Ecohydrological processes and pressures in karst
Earth and Environmental Sciences (2nd level)Modul:
Course code: MIK01
Year of study: 2nd year
Workload: lectures 25 hours, seminar 20 hours, field work 25 hours, individual work 80 hours.
Course type: elective
Languages: Slovene, English
Learning and teaching methods:
The content of the course is presented at lectures, diversified with modern didactic grips. Seminars take place at the same time with lectures and they are being related to individual thematic assemblies of lectures. Students individually present problems connected with their research theme, that are being analysed commonly by their classmates.
Course syllabus (download)
First-cycle Bologna degree or a university degree in the natural sciences.
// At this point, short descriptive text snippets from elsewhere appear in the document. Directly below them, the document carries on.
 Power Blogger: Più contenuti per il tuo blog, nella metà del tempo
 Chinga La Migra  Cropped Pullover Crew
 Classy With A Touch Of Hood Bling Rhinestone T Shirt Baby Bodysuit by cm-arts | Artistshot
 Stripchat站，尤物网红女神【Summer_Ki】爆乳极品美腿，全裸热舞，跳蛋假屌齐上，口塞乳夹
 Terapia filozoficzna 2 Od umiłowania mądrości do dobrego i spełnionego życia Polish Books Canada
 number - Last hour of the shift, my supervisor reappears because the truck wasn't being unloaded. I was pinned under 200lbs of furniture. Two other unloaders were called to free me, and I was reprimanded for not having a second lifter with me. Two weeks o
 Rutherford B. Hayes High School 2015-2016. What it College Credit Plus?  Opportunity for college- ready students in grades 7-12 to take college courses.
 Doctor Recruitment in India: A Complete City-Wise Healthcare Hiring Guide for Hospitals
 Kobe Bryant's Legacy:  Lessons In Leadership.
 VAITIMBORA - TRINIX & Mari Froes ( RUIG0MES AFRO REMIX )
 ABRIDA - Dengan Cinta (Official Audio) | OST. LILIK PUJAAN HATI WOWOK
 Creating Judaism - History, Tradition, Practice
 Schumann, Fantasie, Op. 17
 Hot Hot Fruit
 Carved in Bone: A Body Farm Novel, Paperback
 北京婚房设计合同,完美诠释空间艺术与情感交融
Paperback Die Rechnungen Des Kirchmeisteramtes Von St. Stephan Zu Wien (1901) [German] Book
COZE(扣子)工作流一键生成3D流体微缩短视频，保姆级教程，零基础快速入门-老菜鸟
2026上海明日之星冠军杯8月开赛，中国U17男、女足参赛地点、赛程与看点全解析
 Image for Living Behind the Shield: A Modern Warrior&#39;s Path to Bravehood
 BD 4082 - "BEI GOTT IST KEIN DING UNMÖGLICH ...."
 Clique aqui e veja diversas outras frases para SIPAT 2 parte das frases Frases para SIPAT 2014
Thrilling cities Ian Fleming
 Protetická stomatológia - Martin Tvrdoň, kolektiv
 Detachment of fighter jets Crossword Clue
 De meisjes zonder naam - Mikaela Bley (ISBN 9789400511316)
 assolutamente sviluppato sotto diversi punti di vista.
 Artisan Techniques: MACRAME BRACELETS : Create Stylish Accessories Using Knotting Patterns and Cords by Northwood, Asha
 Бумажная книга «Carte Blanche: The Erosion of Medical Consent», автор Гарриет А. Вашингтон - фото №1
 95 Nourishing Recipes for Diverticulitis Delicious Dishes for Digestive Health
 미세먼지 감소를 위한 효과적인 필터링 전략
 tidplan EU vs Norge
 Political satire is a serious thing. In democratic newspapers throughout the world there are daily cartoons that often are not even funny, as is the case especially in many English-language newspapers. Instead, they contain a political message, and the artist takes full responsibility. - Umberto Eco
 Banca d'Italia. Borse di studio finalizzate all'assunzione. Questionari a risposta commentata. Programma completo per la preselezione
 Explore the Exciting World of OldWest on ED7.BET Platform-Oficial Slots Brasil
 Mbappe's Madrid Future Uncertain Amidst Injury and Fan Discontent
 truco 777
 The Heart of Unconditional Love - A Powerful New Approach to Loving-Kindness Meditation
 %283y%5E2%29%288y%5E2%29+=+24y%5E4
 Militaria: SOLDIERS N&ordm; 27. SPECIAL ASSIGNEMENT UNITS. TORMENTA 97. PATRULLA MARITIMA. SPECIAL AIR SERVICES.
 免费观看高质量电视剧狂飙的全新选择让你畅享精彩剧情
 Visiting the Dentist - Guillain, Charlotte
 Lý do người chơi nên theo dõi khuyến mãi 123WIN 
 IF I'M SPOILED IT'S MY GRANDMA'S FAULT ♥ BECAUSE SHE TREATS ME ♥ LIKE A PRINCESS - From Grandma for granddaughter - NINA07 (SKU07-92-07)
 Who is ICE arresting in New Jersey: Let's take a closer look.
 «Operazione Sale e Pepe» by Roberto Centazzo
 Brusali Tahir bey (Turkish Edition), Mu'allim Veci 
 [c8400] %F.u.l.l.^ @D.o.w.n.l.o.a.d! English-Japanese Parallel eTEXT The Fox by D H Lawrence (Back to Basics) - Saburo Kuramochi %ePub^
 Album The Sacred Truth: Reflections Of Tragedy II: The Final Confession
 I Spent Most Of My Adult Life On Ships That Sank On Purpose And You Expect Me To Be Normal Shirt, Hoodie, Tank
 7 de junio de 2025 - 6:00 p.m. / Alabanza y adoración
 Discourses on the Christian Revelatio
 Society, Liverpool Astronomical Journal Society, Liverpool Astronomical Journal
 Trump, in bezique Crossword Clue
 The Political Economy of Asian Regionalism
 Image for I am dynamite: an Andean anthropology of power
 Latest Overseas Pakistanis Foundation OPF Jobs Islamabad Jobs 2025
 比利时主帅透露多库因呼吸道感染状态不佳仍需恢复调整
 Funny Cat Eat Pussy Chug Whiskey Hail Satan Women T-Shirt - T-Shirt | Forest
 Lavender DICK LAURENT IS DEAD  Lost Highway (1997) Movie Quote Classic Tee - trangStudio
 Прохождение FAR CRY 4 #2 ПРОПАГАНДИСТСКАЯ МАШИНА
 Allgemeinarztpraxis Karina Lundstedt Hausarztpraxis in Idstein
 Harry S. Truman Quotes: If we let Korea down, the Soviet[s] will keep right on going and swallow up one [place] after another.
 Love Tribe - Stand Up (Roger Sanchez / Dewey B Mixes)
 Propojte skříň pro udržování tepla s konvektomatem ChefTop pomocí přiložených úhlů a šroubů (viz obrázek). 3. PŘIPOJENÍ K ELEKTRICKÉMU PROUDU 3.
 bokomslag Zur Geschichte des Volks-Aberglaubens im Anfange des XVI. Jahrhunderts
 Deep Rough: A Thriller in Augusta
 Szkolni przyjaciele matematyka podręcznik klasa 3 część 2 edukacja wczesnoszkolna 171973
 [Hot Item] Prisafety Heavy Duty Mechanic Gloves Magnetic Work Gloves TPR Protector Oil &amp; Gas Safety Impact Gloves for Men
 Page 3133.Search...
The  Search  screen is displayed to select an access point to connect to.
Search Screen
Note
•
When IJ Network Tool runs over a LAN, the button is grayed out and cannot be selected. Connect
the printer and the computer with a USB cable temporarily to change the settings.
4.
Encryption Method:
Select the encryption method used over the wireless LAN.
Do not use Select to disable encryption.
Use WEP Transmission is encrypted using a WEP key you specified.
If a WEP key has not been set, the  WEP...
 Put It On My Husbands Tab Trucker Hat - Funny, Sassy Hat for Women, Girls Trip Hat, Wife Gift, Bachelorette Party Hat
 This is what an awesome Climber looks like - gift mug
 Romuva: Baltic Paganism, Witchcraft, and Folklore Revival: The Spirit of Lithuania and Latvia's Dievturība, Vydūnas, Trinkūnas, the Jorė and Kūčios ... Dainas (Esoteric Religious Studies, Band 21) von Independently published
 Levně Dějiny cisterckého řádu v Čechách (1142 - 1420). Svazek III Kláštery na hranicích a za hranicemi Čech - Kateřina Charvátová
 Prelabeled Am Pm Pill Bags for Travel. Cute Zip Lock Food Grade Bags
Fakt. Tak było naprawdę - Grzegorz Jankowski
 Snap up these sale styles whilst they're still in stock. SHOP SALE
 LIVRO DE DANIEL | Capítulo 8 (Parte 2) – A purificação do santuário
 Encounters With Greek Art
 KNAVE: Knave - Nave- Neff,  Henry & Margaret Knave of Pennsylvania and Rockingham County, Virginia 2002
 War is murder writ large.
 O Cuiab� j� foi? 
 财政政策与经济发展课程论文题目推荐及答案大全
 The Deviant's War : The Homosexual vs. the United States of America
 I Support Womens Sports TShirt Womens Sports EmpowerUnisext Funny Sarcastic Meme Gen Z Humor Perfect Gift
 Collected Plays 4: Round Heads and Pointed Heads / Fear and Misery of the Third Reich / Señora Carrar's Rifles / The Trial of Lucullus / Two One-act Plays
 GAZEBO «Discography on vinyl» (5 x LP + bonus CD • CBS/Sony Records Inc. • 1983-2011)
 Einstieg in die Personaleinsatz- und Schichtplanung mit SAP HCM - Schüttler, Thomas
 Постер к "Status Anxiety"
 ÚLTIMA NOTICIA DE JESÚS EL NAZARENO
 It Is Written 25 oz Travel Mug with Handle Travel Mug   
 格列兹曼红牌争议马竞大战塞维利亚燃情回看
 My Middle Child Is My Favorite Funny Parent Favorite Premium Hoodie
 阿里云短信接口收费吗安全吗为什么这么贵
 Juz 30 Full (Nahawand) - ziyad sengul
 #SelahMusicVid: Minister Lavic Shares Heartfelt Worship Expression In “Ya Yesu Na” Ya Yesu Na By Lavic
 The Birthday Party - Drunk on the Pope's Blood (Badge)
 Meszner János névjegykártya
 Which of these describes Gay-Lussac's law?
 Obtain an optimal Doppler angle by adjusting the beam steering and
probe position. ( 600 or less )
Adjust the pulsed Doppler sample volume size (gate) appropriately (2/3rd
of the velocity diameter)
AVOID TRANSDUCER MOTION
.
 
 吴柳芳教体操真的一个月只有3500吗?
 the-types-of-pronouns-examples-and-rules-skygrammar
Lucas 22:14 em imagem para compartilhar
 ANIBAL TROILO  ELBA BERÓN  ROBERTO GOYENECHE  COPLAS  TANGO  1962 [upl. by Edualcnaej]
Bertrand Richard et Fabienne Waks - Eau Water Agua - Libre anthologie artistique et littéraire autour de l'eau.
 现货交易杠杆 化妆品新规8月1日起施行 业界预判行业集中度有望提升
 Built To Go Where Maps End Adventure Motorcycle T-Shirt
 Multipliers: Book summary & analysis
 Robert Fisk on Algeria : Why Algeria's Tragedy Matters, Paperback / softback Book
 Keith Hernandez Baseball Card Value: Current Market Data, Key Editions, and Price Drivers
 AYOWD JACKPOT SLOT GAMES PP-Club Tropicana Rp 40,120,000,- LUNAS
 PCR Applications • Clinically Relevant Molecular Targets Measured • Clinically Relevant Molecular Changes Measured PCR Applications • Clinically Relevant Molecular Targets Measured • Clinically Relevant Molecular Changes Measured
Content (Syllabus outline):
Karst aquifers hold important water resources and are rich in unique (underground) ecosystems. Due to highly dynamic hydrological processes compared to other less permeable systems, they are particularly vulnerable to environmental changes and human activities. An important prerequisite for understanding the limitations of appropriate management of karst natural resources is knowledge of landscape processes and the specific characteristics of water flow in karst. This course therefore integrates karst studies into a general ecological, geomorphological, speleological and hydrological context and emphasises the application of karst-specific research methods. Special attention is paid to the ecohydrological functions of karst underground, the temporal hydrological variability, surface- groundwater interaction and contamination problems. Best practices for protection and management solutions will be presented.
- BONACCI, O., PIPAN, T., CULVER, D. C., 2009: A framework for karst ecohydrology. Environmental Geology, 56/5: 891-900.
- GOLDSCHEIDER, N., 2012: A holistic approach to groundwater protection and ecosystem services in karst terrains. Aqua Mundi, 3: 117-124. doi: 10.4409/Am-046-12-0047.
- GUTIÉRREZ, F., PARISE, M., De WAELE, J., JOURDE, H., 2014: A review on natural and human-induced geohazards and impacts in karst. Earth-Science Reviews, 138: 61-88.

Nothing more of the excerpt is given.